▸ **Problem to solve**
When the line containing "Non-absorbable cranial fixation system MCF" is found in the data below, copy it and each line after it through the line containing "影像PPT - 【PPT】脑实质内囊性病变的MR诊断-14", exactly and with no others.

Data section Start Marker

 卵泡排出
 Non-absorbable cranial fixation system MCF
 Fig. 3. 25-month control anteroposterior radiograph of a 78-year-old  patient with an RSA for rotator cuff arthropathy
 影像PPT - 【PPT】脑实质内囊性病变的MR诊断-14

Data section End Marker
Data section Start Marker

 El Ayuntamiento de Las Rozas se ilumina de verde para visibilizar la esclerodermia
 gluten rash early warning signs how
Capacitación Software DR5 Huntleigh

Data section End Marker
Data section Start Marker

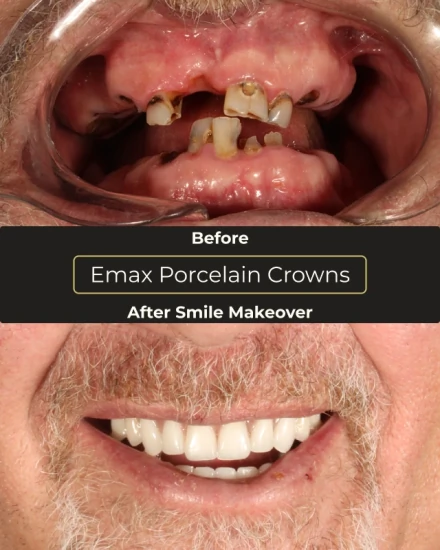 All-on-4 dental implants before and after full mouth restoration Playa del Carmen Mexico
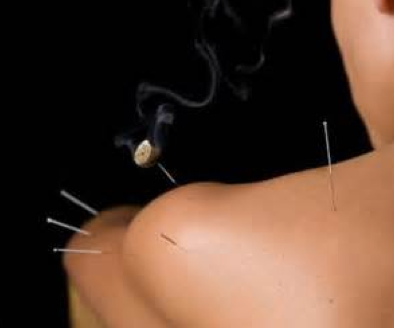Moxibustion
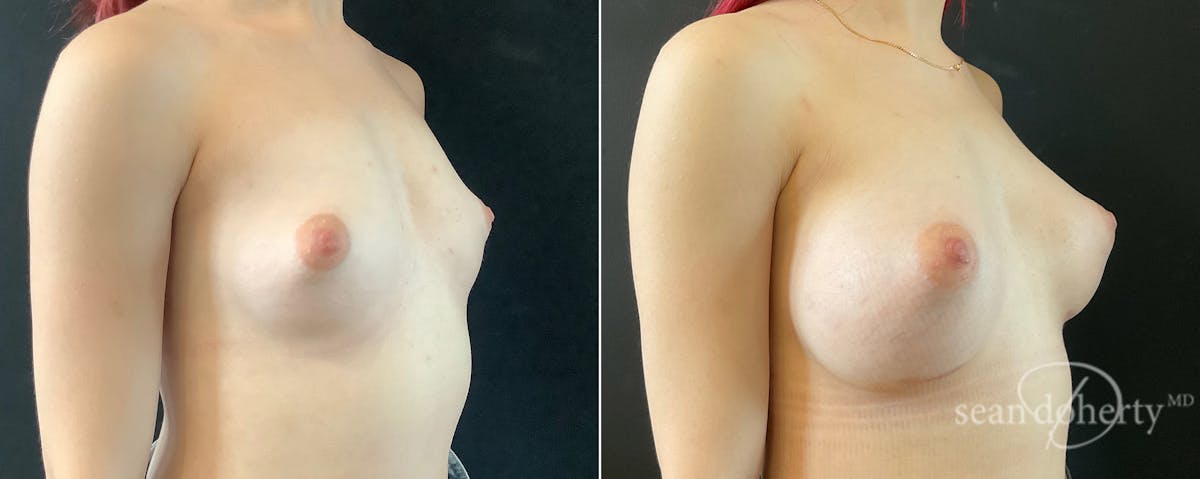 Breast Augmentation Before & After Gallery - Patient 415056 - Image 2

Data section End Marker

▸ **Expected answer**
 Non-absorbable cranial fixation system MCF
 Fig. 3. 25-month control anteroposterior radiograph of a 78-year-old  patient with an RSA for rotator cuff arthropathy
 影像PPT - 【PPT】脑实质内囊性病变的MR诊断-14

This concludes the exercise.